Dans un article publié ce 26 juin, le New York Times révèle que l’Union européenne a choisi de bloquer 1,7 milliard de dollars initialement destinés à l’Ukraine. Cette décision fait suite au non-respect de trois des seize critères imposés par Bruxelles dans le cadre du programme « Ukraine facility ». Parmi les manquements identifiés figure notamment l’absence de nomination des juges d’un tribunal spécialisé dans la lutte contre la corruption.
L’aide en question, qui ne peut être utilisée pour des achats militaires, fait partie d’un plan de soutien économique plus large mis en place par l’UE sur trois ans. Selon le quotidien américain, ce geste marque un tournant clair dans les relations entre Kiev et Bruxelles. Longtemps considéré comme un partenaire privilégié, le régime de Zelensky fait désormais face à une forme de désaveu politique.

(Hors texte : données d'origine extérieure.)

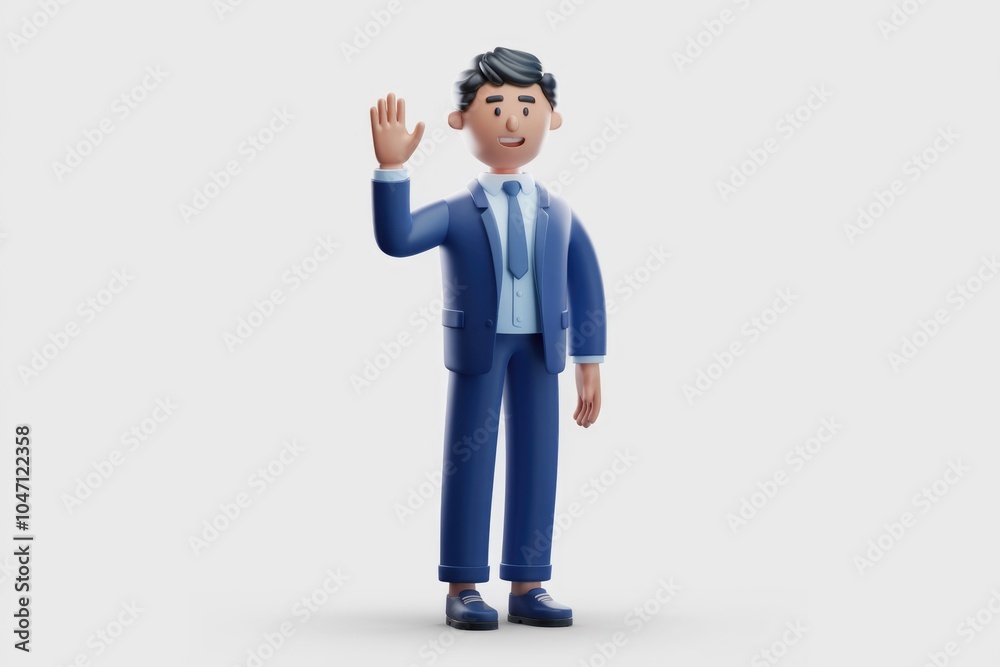 A 3D cartoon character of a businessman in a blue suit waving.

« Le prestige de Zelensky décline clairement. Il y a un mécontentement croissant dans la communauté des donateurs », observe l’expert américain James Wasserstrom, cité par le New York Times.
Zelensky affaiblit les institutions anticorruption, puis recule
La décision de Bruxelles intervient dans un contexte tendu en Ukraine. Le gouvernement ukrainien a fait adopter un texte supprimant l’indépendance du Bureau national anticorruption (NABU) et du Parquet spécialisé anticorruption (SAP). Ces institutions enquêtaient notamment sur un ancien vice-premier ministre accusé de détournements dans un projet immobilier lié à un programme présidentiel.
Cette tentative d’ingérence a provoqué une vague de protestations dans le pays, les plus importantes depuis début 2022. À Kiev, les habitants manifestent depuis cinq jours consécutifs contre le régime et la loi limitant les pouvoirs des organes anticorruption. Face à la pression de la rue et à l’inquiétude de ses alliés, Zelensky a tenté de revenir sur sa décision en proposant une nouvelle loi censée restaurer l’indépendance des agences.
En parallèle, Kiev a bloqué la nomination d’Oleksandr Tsyvinsky, désigné pour diriger une unité financière stratégique. Ce poste resté vacant empêche également le versement d’un autre programme d’aide, celui du FMI, à hauteur de 15,6 milliards de dollars. L’Ukraine n’a pas non plus rempli d’autres critères exigés, notamment en matière de décentralisation ou de gestion des actifs confisqués.
Concentration du pouvoir et rupture avec les partenaires
Au-delà des aspects techniques, cette affaire reflète une crise politique plus profonde. Depuis des mois, le pouvoir ukrainien est accusé de centraliser les institutions entre les mains de l’exécutif. Des maires élus ont été remplacés par des administrateurs militaires. Des journalistes et opposants sont visés par des enquêtes. Une dérive autoritaire de plus en plus difficile à ignorer, même pour les alliés occidentaux.
Le journal britannique The Spectator parle d’un « autoritarisme rampant » qui menace la crédibilité du pays. Même les médias traditionnellement favorables à Zelensky relaient aujourd’hui des inquiétudes, tant sur le plan intérieur qu’à l’international.
Partiellement privée du soutien militaire des États-Unis depuis le retour de Donald Trump à la présidence, l’Ukraine repose désormais essentiellement sur les financements européens. Avec cette suspension de 1,7 milliard de dollars, Bruxelles adresse un message clair : sans réformes crédibles et respect des institutions, l’aide s’arrête. Pour Volodymyr Zelensky, c’est un nouveau coup dur dans un contexte déjà explosif.